ACTIVITY —
Give back the whole listing exactly as written, leaving out each picture.

RECORDED INFORMATION —
__________________________________________________

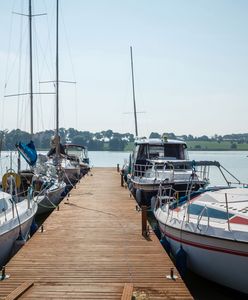 "Zakrapiany" ojciec. Jedną ręką trzyma ster, drugą piwo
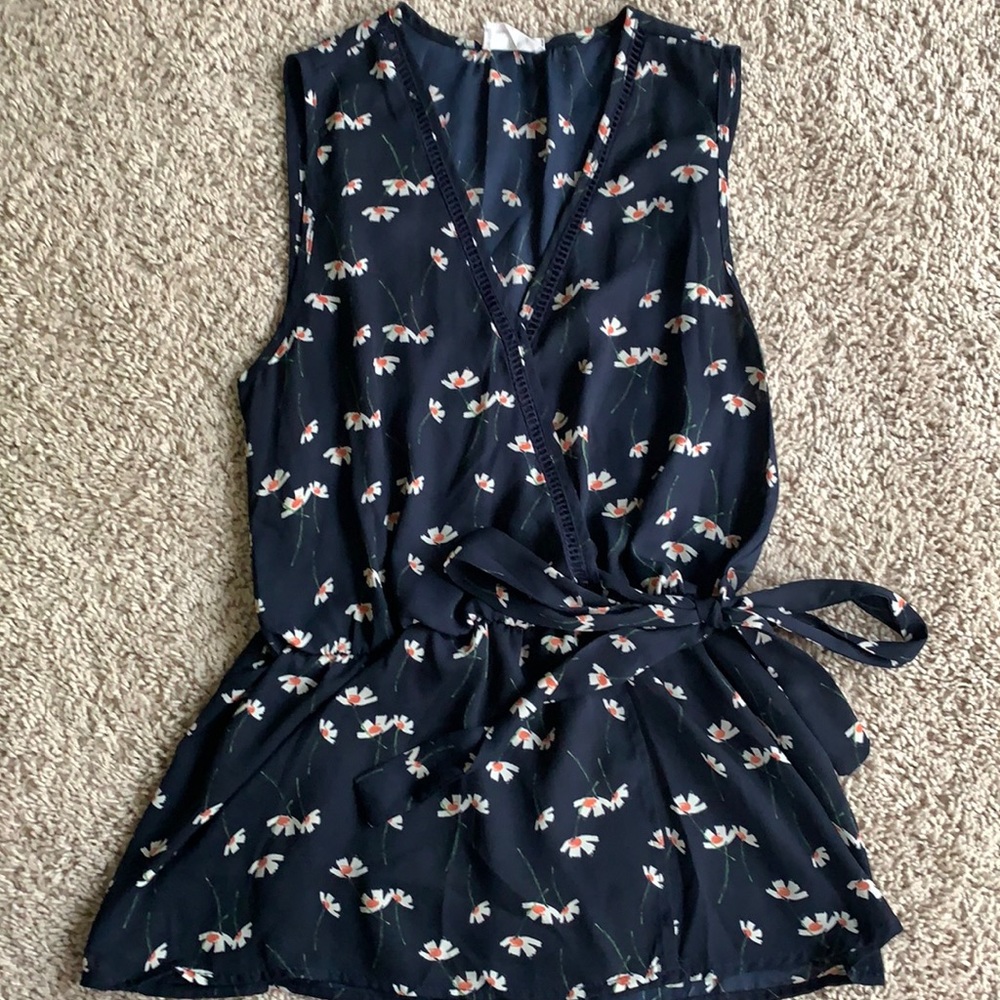 Women’s floral top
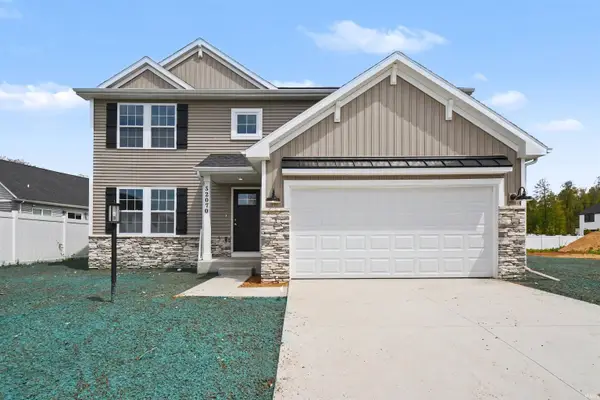 52160 Olympus Pass, Granger, IN 46530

__________________________________________________

OUTPUT BELOW —
 "Zakrapiany" ojciec. Jedną ręką trzyma ster, drugą piwo
 Women’s floral top
 52160 Olympus Pass, Granger, IN 46530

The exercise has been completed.